Web page caption snippets
- - - - - - -

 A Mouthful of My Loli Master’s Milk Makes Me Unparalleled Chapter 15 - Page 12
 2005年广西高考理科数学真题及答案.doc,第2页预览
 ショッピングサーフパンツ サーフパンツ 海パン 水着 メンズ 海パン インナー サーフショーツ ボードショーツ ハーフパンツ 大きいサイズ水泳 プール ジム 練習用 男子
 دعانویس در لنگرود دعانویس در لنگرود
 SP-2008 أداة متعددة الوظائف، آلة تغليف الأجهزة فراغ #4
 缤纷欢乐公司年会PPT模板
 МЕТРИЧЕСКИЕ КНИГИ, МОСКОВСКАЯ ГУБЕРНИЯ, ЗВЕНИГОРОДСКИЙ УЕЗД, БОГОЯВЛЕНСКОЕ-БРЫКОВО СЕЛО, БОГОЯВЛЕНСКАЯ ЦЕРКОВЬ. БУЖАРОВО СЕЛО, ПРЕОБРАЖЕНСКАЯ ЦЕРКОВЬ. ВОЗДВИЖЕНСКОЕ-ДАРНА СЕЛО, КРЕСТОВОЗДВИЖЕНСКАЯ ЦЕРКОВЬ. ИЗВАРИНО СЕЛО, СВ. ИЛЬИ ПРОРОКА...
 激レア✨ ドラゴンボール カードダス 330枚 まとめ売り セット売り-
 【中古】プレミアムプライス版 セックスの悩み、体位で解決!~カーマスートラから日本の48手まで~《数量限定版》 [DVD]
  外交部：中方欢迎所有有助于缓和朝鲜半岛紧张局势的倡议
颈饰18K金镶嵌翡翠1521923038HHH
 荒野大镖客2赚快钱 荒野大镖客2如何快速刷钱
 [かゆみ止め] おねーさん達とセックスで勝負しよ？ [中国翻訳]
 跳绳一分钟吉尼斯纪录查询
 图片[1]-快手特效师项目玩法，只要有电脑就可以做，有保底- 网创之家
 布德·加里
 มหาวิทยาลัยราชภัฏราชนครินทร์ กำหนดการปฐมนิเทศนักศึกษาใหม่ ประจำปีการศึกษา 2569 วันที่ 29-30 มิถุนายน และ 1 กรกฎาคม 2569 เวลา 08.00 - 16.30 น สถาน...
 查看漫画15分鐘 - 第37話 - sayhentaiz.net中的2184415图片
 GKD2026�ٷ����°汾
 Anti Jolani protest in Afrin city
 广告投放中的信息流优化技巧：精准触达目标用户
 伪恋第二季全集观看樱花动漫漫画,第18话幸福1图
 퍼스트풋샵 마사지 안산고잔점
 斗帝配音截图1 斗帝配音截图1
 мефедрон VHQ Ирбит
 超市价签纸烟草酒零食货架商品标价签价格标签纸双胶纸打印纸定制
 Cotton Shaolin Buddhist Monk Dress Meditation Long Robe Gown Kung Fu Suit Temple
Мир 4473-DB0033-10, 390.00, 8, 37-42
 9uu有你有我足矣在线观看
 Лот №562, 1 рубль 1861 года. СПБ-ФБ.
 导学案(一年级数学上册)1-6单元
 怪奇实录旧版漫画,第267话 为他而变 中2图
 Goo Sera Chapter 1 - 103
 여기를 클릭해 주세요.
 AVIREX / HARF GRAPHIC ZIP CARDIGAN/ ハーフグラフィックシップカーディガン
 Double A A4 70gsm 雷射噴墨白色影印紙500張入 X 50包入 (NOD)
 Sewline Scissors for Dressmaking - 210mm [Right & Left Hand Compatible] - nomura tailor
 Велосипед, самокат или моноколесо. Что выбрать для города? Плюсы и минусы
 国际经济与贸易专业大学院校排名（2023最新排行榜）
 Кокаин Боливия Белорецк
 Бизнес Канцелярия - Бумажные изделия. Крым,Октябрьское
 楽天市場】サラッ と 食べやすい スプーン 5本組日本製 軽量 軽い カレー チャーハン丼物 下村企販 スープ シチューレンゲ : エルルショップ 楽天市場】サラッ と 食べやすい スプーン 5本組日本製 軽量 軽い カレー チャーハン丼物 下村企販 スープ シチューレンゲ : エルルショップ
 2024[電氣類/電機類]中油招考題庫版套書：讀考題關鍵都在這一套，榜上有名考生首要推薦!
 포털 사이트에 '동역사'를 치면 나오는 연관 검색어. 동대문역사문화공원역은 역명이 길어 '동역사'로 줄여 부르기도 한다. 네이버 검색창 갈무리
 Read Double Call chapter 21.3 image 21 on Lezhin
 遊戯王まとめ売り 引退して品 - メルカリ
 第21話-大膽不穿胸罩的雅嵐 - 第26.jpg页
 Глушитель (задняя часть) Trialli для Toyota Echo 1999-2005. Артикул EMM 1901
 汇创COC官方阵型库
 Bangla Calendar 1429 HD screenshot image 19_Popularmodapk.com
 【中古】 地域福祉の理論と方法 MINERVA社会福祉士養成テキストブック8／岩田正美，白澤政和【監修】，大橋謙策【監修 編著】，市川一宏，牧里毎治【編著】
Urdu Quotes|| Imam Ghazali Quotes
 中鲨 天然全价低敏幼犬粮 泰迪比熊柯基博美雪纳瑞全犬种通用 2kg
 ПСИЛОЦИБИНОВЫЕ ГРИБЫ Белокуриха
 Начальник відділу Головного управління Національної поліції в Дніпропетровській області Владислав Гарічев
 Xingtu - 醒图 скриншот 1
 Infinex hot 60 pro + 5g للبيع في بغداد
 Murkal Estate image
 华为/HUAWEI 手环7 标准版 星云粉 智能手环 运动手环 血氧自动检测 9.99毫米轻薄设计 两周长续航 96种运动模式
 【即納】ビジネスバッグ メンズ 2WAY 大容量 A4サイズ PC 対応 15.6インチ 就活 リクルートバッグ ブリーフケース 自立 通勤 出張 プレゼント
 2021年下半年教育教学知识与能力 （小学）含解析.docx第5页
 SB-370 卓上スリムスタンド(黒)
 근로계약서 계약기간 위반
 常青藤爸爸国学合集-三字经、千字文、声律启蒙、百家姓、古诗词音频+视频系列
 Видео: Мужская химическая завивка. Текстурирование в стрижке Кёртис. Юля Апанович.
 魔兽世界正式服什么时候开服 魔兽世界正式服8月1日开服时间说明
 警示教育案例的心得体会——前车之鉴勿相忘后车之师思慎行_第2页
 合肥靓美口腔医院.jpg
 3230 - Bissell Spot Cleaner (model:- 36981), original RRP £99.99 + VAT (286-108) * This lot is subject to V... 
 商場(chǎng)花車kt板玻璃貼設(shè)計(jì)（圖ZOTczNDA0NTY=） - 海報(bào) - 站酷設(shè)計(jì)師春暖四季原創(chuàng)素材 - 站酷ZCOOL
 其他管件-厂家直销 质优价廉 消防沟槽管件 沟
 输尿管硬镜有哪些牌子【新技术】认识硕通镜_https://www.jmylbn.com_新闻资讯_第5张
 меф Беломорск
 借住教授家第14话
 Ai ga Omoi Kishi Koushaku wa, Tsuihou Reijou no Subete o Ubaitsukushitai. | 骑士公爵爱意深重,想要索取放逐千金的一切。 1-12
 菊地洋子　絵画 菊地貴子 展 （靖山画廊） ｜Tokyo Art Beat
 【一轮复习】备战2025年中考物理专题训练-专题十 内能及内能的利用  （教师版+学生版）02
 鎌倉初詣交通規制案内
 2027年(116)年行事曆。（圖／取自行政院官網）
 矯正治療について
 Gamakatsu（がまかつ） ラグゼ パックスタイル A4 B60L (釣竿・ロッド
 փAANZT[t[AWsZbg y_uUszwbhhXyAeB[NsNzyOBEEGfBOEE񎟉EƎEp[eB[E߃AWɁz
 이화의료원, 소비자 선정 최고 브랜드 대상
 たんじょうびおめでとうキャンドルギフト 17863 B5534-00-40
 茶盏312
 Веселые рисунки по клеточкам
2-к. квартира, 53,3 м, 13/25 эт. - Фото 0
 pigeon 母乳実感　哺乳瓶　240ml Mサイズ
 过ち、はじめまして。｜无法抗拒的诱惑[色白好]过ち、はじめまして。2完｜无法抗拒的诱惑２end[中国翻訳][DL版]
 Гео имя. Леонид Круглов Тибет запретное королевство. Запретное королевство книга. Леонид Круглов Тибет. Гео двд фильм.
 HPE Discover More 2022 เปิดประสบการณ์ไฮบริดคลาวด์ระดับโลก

- - - - - - -

◆ What the task asks: Could you reproduce exactly the lines of the entries above, from the one with "Goo Sera Chapter 1 - 103" through the one with "Read Double Call", and nothing else?

◆ Result for this task:
 Goo Sera Chapter 1 - 103
 여기를 클릭해 주세요.
 AVIREX / HARF GRAPHIC ZIP CARDIGAN/ ハーフグラフィックシップカーディガン
 Double A A4 70gsm 雷射噴墨白色影印紙500張入 X 50包入 (NOD)
 Sewline Scissors for Dressmaking - 210mm [Right & Left Hand Compatible] - nomura tailor
 Велосипед, самокат или моноколесо. Что выбрать для города? Плюсы и минусы
 国际经济与贸易专业大学院校排名（2023最新排行榜）
 Кокаин Боливия Белорецк
 Бизнес Канцелярия - Бумажные изделия. Крым,Октябрьское
 楽天市場】サラッ と 食べやすい スプーン 5本組日本製 軽量 軽い カレー チャーハン丼物 下村企販 スープ シチューレンゲ : エルルショップ 楽天市場】サラッ と 食べやすい スプーン 5本組日本製 軽量 軽い カレー チャーハン丼物 下村企販 スープ シチューレンゲ : エルルショップ
 2024[電氣類/電機類]中油招考題庫版套書：讀考題關鍵都在這一套，榜上有名考生首要推薦!
 포털 사이트에 '동역사'를 치면 나오는 연관 검색어. 동대문역사문화공원역은 역명이 길어 '동역사'로 줄여 부르기도 한다. 네이버 검색창 갈무리
 Read Double Call chapter 21.3 image 21 on Lezhin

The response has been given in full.